*** Begin section ***

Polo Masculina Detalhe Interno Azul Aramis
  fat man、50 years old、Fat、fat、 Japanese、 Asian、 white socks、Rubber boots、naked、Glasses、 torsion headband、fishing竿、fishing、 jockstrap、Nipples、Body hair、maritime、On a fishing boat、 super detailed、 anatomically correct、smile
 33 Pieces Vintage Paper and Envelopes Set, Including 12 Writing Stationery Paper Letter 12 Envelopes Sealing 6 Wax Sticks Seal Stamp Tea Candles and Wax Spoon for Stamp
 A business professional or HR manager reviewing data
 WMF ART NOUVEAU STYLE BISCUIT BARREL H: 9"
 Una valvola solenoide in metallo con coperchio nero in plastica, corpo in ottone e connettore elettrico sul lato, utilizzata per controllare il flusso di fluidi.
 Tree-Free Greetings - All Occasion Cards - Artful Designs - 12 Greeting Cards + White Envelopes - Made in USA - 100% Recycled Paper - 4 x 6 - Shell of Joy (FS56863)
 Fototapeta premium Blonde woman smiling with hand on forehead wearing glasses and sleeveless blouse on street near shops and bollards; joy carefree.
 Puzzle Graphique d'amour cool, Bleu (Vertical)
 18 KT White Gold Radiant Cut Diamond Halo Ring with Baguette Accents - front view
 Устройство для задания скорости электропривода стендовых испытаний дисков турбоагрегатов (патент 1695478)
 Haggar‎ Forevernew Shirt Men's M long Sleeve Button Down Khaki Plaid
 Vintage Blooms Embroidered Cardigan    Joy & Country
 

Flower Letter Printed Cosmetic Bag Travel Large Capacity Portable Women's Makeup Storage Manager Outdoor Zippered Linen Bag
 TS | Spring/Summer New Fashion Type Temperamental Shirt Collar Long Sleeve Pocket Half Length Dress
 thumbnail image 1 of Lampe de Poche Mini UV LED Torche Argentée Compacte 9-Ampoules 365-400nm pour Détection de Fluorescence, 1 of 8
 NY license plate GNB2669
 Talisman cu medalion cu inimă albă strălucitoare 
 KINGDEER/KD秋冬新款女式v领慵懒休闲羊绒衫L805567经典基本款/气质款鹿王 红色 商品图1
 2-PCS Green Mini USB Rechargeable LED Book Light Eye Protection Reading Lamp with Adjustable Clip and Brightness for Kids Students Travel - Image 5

*** End section ***

> [WHAT TO PRODUCE]
Please transcribe, exactly and with nothing added, the lines from the first line of the material above through the line that contains "Tree-Free Greetings - All".

> [EXERCISE SOLUTION]
Polo Masculina Detalhe Interno Azul Aramis
  fat man、50 years old、Fat、fat、 Japanese、 Asian、 white socks、Rubber boots、naked、Glasses、 torsion headband、fishing竿、fishing、 jockstrap、Nipples、Body hair、maritime、On a fishing boat、 super detailed、 anatomically correct、smile
 33 Pieces Vintage Paper and Envelopes Set, Including 12 Writing Stationery Paper Letter 12 Envelopes Sealing 6 Wax Sticks Seal Stamp Tea Candles and Wax Spoon for Stamp
 A business professional or HR manager reviewing data
 WMF ART NOUVEAU STYLE BISCUIT BARREL H: 9"
 Una valvola solenoide in metallo con coperchio nero in plastica, corpo in ottone e connettore elettrico sul lato, utilizzata per controllare il flusso di fluidi.
 Tree-Free Greetings - All Occasion Cards - Artful Designs - 12 Greeting Cards + White Envelopes - Made in USA - 100% Recycled Paper - 4 x 6 - Shell of Joy (FS56863)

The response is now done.